Might come to this one, but will have 2 of the grandchildren with us, and possibly their dad! trying to contact him, but he is notorious for not responding to texts/emails and is in the lake district camping so may have no signal.
Are there facilities for children do you know?

Sue


----------



## scottie (May 11, 2005)

suedew said:


> Might come to this one, but will have 2 of the grandchildren with us, and possibly their dad! trying to contact him, but he is notorious for not responding to texts/emails and is in the lake district camping so may have no signal.
> Are there facilities for children do you know?
> 
> Sue


Hi Sue
Hope you can make it,Pickering is a nice place to visit,ever go on the train trip.
George


----------



## suedew (May 10, 2005)

Been there often, mostly on the bike, realise that we walked past the entrance to the showground when we stayed nearby a few weeks ago. The steam train was the first place we took Elliot, he was a few weeks old at the time, so maybe he will need a refresher lol
Not managed to contact them yet though.

sue


----------



## tonyblake (Apr 4, 2008)

an99uk said:


> tonyblake said:
> 
> 
> > an99uk said:
> ...


Have you by chance got the answer yet please?


----------



## scottie (May 11, 2005)

tonyblake said:


> an99uk said:
> 
> 
> > tonyblake said:
> ...


Hi
I posted this last week after you asked the question.

Hi All 
I Have just talked to the main man at the events centre,He Said

"Dogs are allowed any where on a lead except the entertainment"*

Now,lets see some more names for this bank holiday rally. 
George*


----------



## scottie (May 11, 2005)

Hi Sue
If he wants to go and play bikes let him,just bring your self and relax.
George :lol: :lol: :lol:


----------



## lgbzone (Oct 8, 2008)

Hi

We'd like to come but have a concern; we are away from tomorrow, when we book online with the organisers, will they send tickets or something to our address? obviously we won't be at home to receive them. is there a mechanism in place for us to book etc then just turn up?

Thanks
Lee


----------



## scottie (May 11, 2005)

lgbzone said:


> Hi
> 
> We'd like to come but have a concern; we are away from tomorrow, when we book online with the organisers, will they send tickets or something to our address? obviously we won't be at home to receive them. is there a mechanism in place for us to book etc then just turn up?
> 
> ...


HI
YOU CAN BOOK AND PICK UP YOUR TICKETS AT THE GATE,THAT WAY YOU CAMP WITH THE GROUP NOT IN GENERAL CAMPING,AND IF YOU BOOK WITH THE GROUP YOU GET DISCOUNT.
GEORGE


----------



## tonyblake (Apr 4, 2008)

scottie said:


> tonyblake said:
> 
> 
> > an99uk said:
> ...


*
Thanks and that was there origianally as you say but didn't answer my specfic question.
Which is the entertainment are and would that include insides where exhibitors are or is it just the night time area for the show per se and this isn't an area of exhibitors?
It comes down to the definition od entertainment area really.
E.g.
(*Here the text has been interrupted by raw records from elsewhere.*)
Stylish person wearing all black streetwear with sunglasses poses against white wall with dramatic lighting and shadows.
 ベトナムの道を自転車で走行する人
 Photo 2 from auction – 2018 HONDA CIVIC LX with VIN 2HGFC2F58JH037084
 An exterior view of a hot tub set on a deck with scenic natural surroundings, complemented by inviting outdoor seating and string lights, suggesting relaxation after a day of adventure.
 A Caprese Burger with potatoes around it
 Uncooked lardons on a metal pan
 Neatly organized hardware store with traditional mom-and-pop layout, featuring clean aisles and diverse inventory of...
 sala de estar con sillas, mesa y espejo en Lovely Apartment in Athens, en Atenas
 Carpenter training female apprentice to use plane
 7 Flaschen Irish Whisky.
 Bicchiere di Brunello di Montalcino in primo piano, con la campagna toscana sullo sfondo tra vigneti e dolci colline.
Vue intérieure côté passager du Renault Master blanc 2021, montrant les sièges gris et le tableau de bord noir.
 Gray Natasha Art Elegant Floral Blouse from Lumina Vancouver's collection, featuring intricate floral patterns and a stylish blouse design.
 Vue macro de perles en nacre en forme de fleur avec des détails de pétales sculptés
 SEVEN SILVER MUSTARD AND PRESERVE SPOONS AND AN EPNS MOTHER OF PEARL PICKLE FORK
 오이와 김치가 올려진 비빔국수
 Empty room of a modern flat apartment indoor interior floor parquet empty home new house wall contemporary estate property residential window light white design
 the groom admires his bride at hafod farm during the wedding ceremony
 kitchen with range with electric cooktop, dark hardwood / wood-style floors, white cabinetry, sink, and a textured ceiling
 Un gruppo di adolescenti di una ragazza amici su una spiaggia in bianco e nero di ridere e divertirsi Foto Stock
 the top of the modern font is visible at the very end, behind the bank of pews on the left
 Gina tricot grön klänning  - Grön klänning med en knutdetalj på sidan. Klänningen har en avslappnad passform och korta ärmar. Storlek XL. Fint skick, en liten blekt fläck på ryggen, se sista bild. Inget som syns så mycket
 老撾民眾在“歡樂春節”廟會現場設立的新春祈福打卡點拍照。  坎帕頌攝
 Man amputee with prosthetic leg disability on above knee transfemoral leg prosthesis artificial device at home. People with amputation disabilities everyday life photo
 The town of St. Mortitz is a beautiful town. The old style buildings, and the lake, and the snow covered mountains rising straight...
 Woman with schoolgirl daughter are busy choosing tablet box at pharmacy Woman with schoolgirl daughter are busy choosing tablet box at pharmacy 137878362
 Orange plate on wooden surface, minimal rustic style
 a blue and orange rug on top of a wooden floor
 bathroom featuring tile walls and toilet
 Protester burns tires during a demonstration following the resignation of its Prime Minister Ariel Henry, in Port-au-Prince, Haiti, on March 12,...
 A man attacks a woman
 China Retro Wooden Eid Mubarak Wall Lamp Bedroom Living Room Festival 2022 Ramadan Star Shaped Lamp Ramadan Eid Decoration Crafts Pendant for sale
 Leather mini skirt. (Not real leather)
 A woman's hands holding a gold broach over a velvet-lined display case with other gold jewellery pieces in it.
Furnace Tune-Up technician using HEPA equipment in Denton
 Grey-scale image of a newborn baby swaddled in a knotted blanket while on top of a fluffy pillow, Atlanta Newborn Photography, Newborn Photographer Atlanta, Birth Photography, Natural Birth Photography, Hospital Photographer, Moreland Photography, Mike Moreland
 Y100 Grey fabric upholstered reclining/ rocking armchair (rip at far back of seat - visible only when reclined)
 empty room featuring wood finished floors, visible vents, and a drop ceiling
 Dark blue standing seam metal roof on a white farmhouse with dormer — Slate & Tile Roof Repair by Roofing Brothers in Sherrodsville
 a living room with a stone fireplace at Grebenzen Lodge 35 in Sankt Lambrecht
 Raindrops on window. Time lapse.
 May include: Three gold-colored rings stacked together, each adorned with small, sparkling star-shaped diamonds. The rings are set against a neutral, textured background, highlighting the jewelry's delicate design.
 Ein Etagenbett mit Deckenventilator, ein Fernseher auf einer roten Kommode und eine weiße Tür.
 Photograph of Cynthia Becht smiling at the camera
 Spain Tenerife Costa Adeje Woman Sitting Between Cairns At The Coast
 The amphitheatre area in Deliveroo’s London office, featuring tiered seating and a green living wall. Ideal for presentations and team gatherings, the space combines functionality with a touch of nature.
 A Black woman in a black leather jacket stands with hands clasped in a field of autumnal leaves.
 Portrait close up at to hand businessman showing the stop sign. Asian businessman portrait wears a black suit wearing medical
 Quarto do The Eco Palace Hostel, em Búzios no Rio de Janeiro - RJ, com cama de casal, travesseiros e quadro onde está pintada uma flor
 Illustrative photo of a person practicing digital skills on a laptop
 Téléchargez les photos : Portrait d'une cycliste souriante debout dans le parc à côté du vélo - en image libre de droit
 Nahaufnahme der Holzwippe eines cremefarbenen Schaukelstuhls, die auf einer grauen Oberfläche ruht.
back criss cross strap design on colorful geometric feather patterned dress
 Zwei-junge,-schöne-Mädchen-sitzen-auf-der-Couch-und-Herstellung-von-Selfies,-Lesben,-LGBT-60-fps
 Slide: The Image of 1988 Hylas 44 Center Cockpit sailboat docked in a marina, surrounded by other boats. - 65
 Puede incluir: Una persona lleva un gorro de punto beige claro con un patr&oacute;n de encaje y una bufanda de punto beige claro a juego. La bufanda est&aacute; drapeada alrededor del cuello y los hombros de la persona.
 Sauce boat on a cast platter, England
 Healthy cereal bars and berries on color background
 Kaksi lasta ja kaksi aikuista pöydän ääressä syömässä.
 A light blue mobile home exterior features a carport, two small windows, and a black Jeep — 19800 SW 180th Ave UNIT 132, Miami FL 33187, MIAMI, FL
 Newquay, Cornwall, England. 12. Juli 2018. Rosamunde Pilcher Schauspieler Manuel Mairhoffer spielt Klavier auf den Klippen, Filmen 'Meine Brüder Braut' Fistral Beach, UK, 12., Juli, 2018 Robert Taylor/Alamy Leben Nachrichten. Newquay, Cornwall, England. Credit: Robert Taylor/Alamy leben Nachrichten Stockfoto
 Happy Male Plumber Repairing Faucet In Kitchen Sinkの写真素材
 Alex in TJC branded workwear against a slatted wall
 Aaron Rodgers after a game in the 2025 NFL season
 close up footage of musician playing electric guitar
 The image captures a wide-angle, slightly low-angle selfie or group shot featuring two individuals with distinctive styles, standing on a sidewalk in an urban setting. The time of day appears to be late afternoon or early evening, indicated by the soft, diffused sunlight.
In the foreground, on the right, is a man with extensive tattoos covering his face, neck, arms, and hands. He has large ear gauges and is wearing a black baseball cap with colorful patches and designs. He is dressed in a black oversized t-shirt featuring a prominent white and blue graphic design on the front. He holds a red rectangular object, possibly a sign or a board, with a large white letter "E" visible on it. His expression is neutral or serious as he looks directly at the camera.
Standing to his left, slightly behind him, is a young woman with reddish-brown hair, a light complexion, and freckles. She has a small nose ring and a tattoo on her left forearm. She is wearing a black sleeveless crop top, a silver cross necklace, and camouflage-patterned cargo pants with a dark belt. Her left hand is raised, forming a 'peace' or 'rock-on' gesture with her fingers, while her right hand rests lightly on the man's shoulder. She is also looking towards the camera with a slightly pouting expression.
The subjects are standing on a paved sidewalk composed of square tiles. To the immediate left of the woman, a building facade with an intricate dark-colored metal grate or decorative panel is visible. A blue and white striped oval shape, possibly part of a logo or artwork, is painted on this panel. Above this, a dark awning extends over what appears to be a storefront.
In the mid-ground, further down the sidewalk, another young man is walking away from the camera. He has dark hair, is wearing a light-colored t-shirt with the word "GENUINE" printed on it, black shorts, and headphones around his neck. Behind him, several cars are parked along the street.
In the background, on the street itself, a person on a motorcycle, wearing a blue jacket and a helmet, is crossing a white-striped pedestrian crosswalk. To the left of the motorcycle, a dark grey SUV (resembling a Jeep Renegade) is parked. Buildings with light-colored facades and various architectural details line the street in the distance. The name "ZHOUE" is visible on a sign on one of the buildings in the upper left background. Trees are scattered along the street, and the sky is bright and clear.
I have been to some M/H shows where the night time entertainment is used in the same buiding as exhibitors. I don't know the lay out of Pickering and therefore if I cannot take my dog into areas of exhibitors then I just am not able to attend.
I don't go to shows.*


----------



## lgbzone (Oct 8, 2008)

scottie said:


> HI
> YOU CAN BOOK AND PICK UP YOUR TICKETS AT THE GATE,THAT WAY YOU CAMP WITH THE GROUP NOT IN GENERAL CAMPING,AND IF YOU BOOK WITH THE GROUP YOU GET DISCOUNT.
> GEORGE


Hi Scottie

Many thanks for the reply, i'll collect the tickets on arrival then. i always intended to book with the club and i'm aware of the discount.

Thanks again
Lee

p.s. not sure why the reply was posted in all caps, i hope it wasn't considered a stupid question.


----------



## lgbzone (Oct 8, 2008)

For anyone that may be interested; tickets can also be emailed.

I asked;


> Regarding the north Yorkshire leisure show, Pickering 24th to 27th of August;
> 
> I'm looking at booking today camping with a club, I'm wondering if you then send out tickets or whether we can then just turn up at the weekend. The reason I'm asking is that we go away tomorrow and won't be at home until after the show, if we require tickets that you post out, we won't receive them.


They replied;


> We can email across a camping pass for you to print off ready for your stay, if you wish to pay on line through paypal we can organise that for you today. If you could state the dates you wish to stay that would be great and we look forward to welcoming you to the showground and the first year of the show which we hope will grow over the coming years to become a must visit annual event.


Lee


----------



## scottie (May 11, 2005)

lgbzone said:


> scottie said:
> 
> 
> > HI
> ...


Very sorry just read what I posted,sorry for shouting did not look to see if caps was on.replying whilist I am at work have to be sneaky.
again Sorry
George


----------



## lgbzone (Oct 8, 2008)

scottie said:


> Very sorry just read what I posted,sorry for shouting did not look to see if caps was on.replying whilist I am at work have to be sneaky.
> again Sorry
> George


No need to apologise George, I thought it may be by mistake, see you at the show!

Lee


----------



## lgbzone (Oct 8, 2008)

Hi

I paid through their website this afternoon with paypal, i was surprised that there wasn't any details taken from me, so i emailed them some information, using their (print off) booking form as a template. i stated the club as motorhomefacts.com and i'll print out the paypal receipt, does this leave things in place for me to collect the tickets when we arrive.

many thanks
Lee


----------



## scottie (May 11, 2005)

Hi All
Getting excited now,up to 5 vans attending,only 3 confirmed.
has any one booked and not added there name to the MHF list.
George


----------



## lgbzone (Oct 8, 2008)

If it's any use to anyone, they sent me a plan of the site.

Lee


----------



## benjy30 (Aug 17, 2012)

Hi yes sounds interesting benjy


----------



## an99uk (May 12, 2005)

lgbzone said:


> If it's any use to anyone, they sent me a plan of the site.
> 
> Lee


Thanks for the map but as we have been to Pickering show a few times, without any landmarks the map is difficult to decipher.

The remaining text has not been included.